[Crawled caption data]
-*-

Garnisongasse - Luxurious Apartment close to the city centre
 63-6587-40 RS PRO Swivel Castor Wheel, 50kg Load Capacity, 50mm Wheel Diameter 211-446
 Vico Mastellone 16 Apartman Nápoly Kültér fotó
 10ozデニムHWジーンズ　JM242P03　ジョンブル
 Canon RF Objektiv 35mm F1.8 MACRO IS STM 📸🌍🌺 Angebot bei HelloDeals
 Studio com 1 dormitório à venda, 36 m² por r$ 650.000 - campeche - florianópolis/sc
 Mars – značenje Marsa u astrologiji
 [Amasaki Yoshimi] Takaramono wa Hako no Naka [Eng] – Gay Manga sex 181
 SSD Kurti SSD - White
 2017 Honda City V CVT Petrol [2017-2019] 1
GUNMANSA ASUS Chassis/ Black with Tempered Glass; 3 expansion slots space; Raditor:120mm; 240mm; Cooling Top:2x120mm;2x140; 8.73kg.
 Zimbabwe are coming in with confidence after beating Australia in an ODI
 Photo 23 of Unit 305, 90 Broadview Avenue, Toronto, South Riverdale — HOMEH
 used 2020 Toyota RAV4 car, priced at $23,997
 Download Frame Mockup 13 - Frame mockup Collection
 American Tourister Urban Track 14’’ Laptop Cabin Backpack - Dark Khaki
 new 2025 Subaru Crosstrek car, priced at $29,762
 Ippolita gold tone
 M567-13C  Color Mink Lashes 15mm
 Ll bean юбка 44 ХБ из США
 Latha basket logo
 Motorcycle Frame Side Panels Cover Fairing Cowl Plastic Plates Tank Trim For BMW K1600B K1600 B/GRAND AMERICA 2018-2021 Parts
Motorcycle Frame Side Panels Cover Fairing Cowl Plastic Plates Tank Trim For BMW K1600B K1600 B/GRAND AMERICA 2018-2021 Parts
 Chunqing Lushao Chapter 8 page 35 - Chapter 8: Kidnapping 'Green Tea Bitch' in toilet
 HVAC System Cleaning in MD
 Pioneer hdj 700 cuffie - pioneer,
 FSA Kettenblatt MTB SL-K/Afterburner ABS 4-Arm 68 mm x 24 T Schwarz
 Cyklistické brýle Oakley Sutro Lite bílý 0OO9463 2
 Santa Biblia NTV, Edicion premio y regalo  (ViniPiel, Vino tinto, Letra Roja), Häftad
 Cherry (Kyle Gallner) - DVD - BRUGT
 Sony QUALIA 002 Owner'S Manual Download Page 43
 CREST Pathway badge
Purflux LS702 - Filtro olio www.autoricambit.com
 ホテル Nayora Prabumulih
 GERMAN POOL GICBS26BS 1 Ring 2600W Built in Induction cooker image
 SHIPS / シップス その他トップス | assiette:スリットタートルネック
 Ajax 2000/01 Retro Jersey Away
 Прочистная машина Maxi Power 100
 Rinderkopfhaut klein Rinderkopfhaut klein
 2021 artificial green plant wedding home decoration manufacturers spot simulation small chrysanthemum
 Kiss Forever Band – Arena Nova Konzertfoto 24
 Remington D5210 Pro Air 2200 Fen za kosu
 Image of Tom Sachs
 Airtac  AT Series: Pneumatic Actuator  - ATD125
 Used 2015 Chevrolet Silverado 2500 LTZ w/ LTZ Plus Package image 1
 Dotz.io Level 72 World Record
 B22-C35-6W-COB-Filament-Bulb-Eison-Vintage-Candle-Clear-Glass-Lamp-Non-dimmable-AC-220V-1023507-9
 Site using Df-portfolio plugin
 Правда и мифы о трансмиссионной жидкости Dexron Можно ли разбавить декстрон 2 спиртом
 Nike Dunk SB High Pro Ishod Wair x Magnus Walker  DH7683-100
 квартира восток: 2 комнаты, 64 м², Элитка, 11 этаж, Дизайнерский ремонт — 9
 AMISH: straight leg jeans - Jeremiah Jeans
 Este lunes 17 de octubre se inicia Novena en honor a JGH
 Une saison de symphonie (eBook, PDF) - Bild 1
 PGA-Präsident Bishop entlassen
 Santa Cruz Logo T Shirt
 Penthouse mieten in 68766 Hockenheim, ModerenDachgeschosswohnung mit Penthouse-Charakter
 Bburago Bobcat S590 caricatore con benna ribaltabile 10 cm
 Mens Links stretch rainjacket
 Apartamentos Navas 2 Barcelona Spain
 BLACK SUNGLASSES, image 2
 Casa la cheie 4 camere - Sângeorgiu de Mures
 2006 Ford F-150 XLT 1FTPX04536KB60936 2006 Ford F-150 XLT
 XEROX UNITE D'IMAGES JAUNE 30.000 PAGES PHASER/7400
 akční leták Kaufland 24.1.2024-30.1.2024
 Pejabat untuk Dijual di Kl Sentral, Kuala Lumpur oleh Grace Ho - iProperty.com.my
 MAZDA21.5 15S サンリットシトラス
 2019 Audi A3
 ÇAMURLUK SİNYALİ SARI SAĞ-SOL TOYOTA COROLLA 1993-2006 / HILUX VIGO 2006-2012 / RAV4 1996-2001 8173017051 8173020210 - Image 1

-*-

Exercise prompt: The lines above that hold the word "Fairing" should be found and copied out.

Solution below:
 Motorcycle Frame Side Panels Cover Fairing Cowl Plastic Plates Tank Trim For BMW K1600B K1600 B/GRAND AMERICA 2018-2021 Parts
Motorcycle Frame Side Panels Cover Fairing Cowl Plastic Plates Tank Trim For BMW K1600B K1600 B/GRAND AMERICA 2018-2021 Parts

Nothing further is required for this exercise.